Recuerdas lo que sucedió hace diez años: ellos te han obligado a recordarlo, aunque deseas olvidar, no por nada, sino porque ya no soportas el dolor, ya no soportas la sucesión de pérdidas, sangre, destrucción y barro. Porque has decidido no decir nada, no añadir nada, porque sabes perfectamente todo lo que se ha dicho, lo has memorizado y estás harto de ello. Porque quieres mirar hacia delante y olvidar todo lo que ha quedado atrás. Sin embargo, ese atrás es pesado, muy pesado, y tira de ti hacia atrás: te agarra de la ropa y el pelo, te ruega que no lo dejes y que lo pongas delante de ti, y cuando lo escuchas te dice: ahhh… Y ese suspiro te llena el pecho. Te rindes y sientes pena por ti mismo cuando eso sucede.

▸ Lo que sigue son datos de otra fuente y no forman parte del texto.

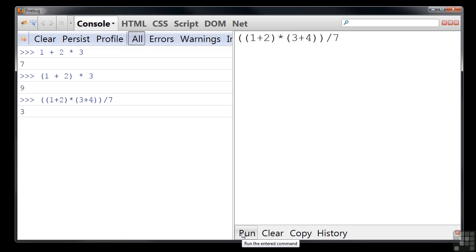I suggest you open Firebug or your development console and have a play with numeric values.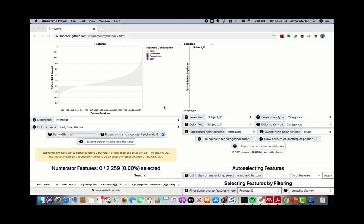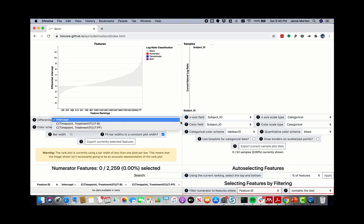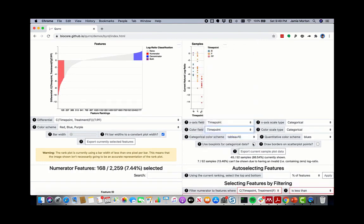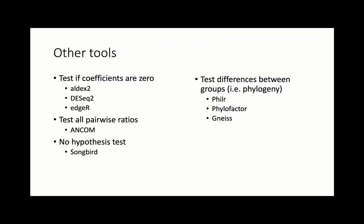Once you are satisfied with your model, you are ready to start considering hypothesis testing. Unfortunately, how to best perform hypothesis testing is still an outstanding question, but we can perform statistical hypothesis testing on individual log ratios. Here is an example of how such an exploratory analysis looks in an interactive tool called CHIRO, where ranks estimated from the generalized linear model can be linked to log ratios where the statistical tests can be performed.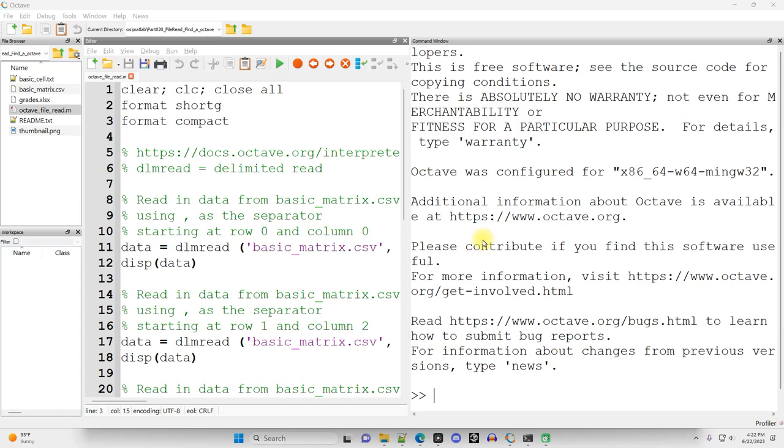This video is a little bit of an interruption to the sequence. In the previous video I showed how to read data in from files using MATLAB, but that code does not work in Octave.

Pero, ¿hacia dónde ir ahora?
Ahora estoy en Homs. Camino por las calles, las que están destruidas y las que no, me fijo en los rostros, los mercados, las mercancías, y me digo: «Este rostro duro que acaba de pasar a mi lado podría ser el de un asesino bajo tierra, y ese otro bueno y tranquilo podría ser el de un mártir oprimido asesinado con una bala traidora.» Organizar los rostros de los viandantes es mi afición mientras camino: «Este es un asesino y este, una víctima; este es un mártir y este, un carnicero.» Me detengo en algunos rostros y pienso: «A este asesino, tal vez, lo despierte su conciencia por la noche y este mártir tal vez tenía una historia que no quería que nadie conociera.» Dejo de categorizar los rostros y me reprendo porque eso no está bien, pero ese pequeño juicio en mi contra es como una última impotencia que intento solucionar. La impotencia acumulada empuja al ser humano a hacer las cosas más miserables y carentes de sentido.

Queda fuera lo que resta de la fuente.